It doesn’t hurt to pay attention
Published 10:36 pm Monday, December 31, 2012
It’s no mystery what to do when the power goes out. We’re veterans at power outages simply because we’ve experienced them aplenty, especially when a big enough hurricane rolls through and we go without electricity for several days. We’ve got long memories when it comes to storms and the hardships they heap on us and Hurricane Irene wasn’t even that long ago.
But when the power went out yesterday — that was an outage of a different stripe and the several hours much of Beaufort County spent in the dark yesterday was an eye-opening experience.
When we’ve got a storm bearing down on us, we’re prepared. We get supplies, make sure the survival kits are in order and prepare to tough it out. We’re hunkered down, as are all of our nearby friends and loved ones.
Yesterday, however, many weren’t hunkered down. There was no reason to be. People were out and about, some were at work, others running errands, when the electricity went out. Two things happened: unless workplaces had a backup generator, business largely came to a screeching stop; and every stoplight in the affected areas went out, letting many drivers prove they don’t really know quite what to do when confronted with a downed light at an intersection.
The former proves that, as a city, county, state, country, the systems we rely on are pretty good, in that they don’t randomly go out so very often.
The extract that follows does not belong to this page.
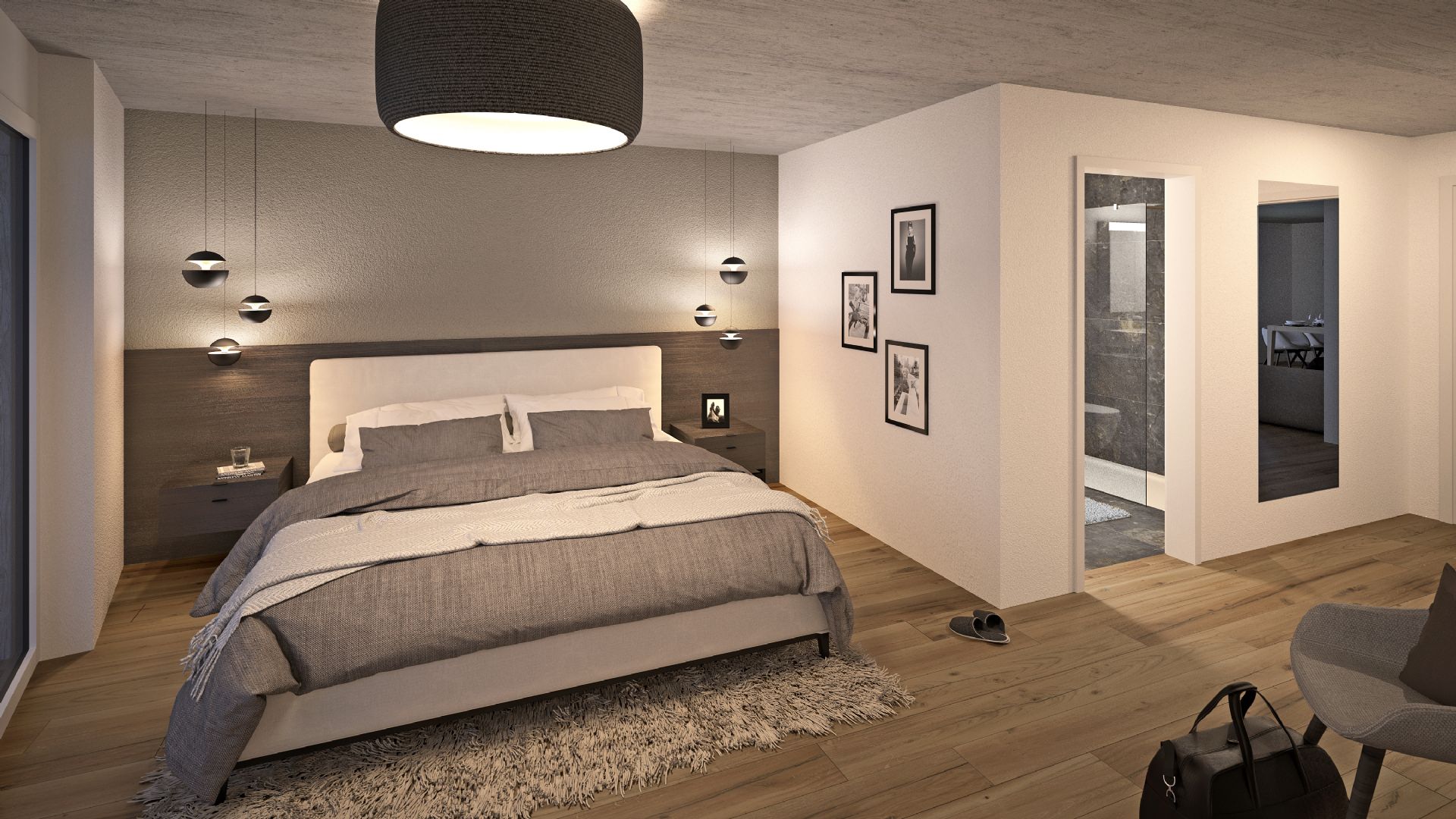 Neubauwohnung: 4.5-Zimmer-Eigentumswohnung im Erdgeschoss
But they also make us vulnerable, because it would take so very little to bring commerce to a grinding halt. But that’s for the Homeland Security folks to worry about and we should really thank our lucky stars we do have reliable systems almost all of the time.
The latter is the issue we can address. It’s simple. If you are driving a vehicle and approach an intersection where there is a non-working traffic light, you stop. You don’t make assumptions about what people are doing around you. Stop. Treat the situation the same as you
would a four-way stop sign and stop.
It never hurts to be prepared with emergency kits and so on. But it also doesn’t hurt to pay attention and know the law.